Why will U.S. tariffs hurt all economies including that of the U.S.?

By Hamzah Rifaat Hussain

TV screens show the stock market dropping, at Nasdaqheadquarters in New York City, the United States on April 7, 2025. /CFP

Although a 90-day pause in tariffs on most nations has been announced by the Trump administration, its “reciprocal tariffs” on both allies and perceived adversaries have jolted global stock markets, decreased investor confidence, plummeted global oil prices, slowed down domestic manufacturing sectors and contributed to greater global instability. It prompted major economies such as China, Canada and the EU to justifiably respond by adopting countermeasures.

On April 9, China added 12 U.S. companies to its export control list and six to its unreliable entities list, compounded with retaliatory tariffs of 84 percent on U.S. goods. A 25 percent tariff on a wide range of U.S. products has also been approved by the EU, given the scale of the impending havoc that his tariff measures will wreak on the global trade and economic system.

Pushing back on strong criticism against his announcement, U.S. President Donald Trump remains adamant that “reciprocal tariffs” will make the U.S. competitive again.
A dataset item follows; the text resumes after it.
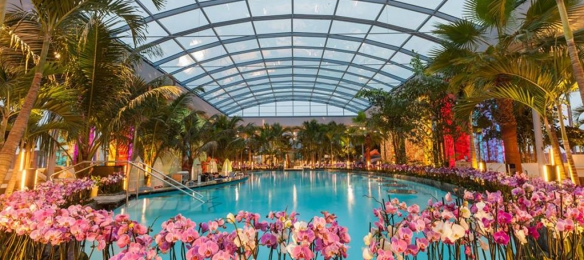 Тропически СПА релакс в Терме Букурещ и посещение на коледни базари - 1BB (от Пловдив)/ 06.12.2025 г.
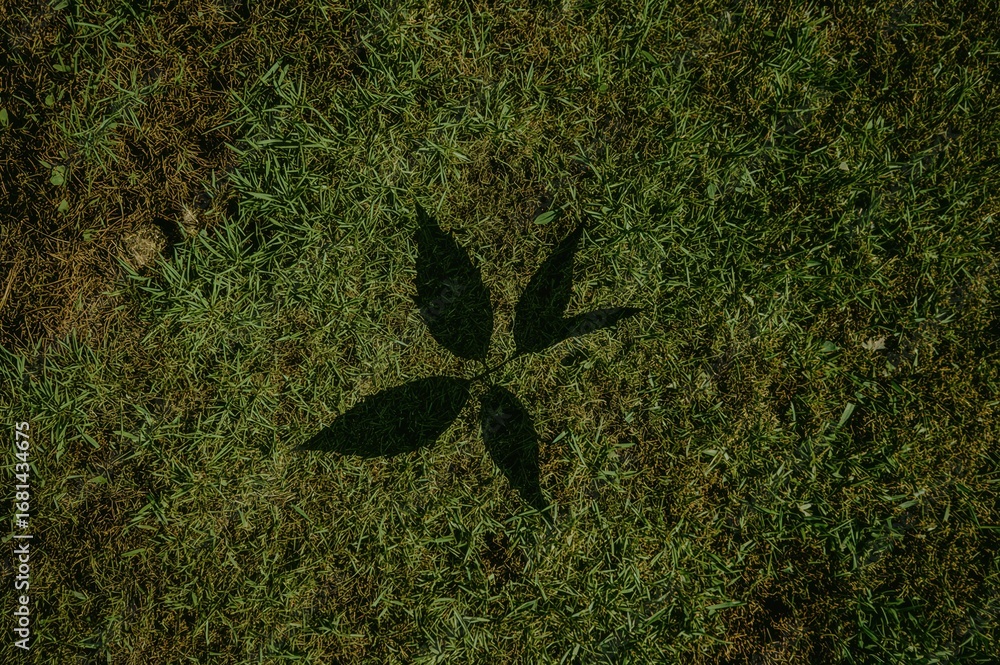 Poster close-up of a green leaf highlighted against a backdrop of grass and moss in a garden setting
Evidence, however, runs to the contrary. “Reciprocal tariffs” do not protect American interests nor reduce trade deficits, but instead constitute a self-destructive strategy for the U.S. domestically and the global economic system.

Here’s why.

Retarding domestic growth

Contrary to Trump’s assumption, the impact of tariffs on the American economy is simply negative. Notably, the measures are being implemented as the American economy struggles with a looming stagflation crisis, a slowing manufacturing sector and a contracting job market. Many Americans have to contend with glaring contractions in domestic factory activities.

In March 2025, the Institute for Supply Management’s Manufacturing Index, which measures the economic health of domestic manufacturing in the United States, registered 49 percent, which was 1.3 percentage points lower than February and well below the purchasing managers’ index threshold of 50. It hints at contraction instead of expansion in the economy.

Adding to this are job cuts by the Trump administration in the form of massive layoffs in federal agencies such as the U.S. Food and Drug Administration and the U.S. Center for Disease Control and Prevention, which have resulted in mass unemployment and domestic instability.

By implementing tariff measures, the Trump administration will only worsen the status quo by shifting the burden of higher costs to average American consumers. American manufacturers, previously benefiting from integrated supply chains with China, for example, could now face higher production costs due to the globally integrated nature of supply chains, which inevitably results in higher prices for products such as automobiles and food products that contribute to inflation.

The negative effects on American purchasing power is underlined by Anderson Economic Group, an American research and consulting firm, which contends that U.S. consumers could end up paying an additional $2,500 to $5,000 for lowest-tariffed American cars and up to $20,000 for some imported models, if the tariffs materialize.

The U.S.’s tariff salvo is also counterproductive for average American households. Shang-Jin Wei, professor of Finance and Economics at Columbia Business School, states that tariffs on China harm average American households who previously accessed foreign goods and services and further contends that exporting firms will have to deal with declining profits as well. Again, this does not translate into domestic economic stability or a reduced trade deficit.

People shop for products imported from Asia at a market in Los Angeles, California, the United States, April 7, 2025. /CFP

An increasing deal of global uncertainty about the outcome of the sweeping tariffs also dampens global businesses’ enthusiasm for investing in the U.S., which indirectly leads to a reduction in American exports, profits and revenue. It harms industries reliant on international sales of technology and critical minerals. Trump’s rhetoric of “Make America Great Again” by imposing tariffs only end up jolting Wall Street, increasing domestic interest rates and weakening the stock market.

An anathema to global trade

The U.S.’s “reciprocal tariffs” are also an anathema to the global economic and trade system. These measures blatantly disregard the World Trade Organization’s framework anchored in promoting apolitical trade between UN member states for collective prosperity, while creating global shock waves by encouraging countries to adopt commensurate protectionism in response.

“Reciprocal tariffs” can trigger a vicious cycle of trade disputes, while those instigated by the United States could risk bearing on global GDP growth rates, dealing a heavy blow to companies integrated with global supply chains, and increasing the risk of global recessions.

The Trump administration’s tariff measures spell out a formula for a more fragmented world, a fractured American domestic economy, and reduced reliance of other countries on American trade. The spiraling and ripple effects of countries engaged in retaliatory tariffs will only result in cumulatively lower trade volumes for all countries, and thereby constitutes a collective failure for the world economy.

Hamzah Rifaat Hussain is the senior expert at Hawaii-based think tank Initiate Futures.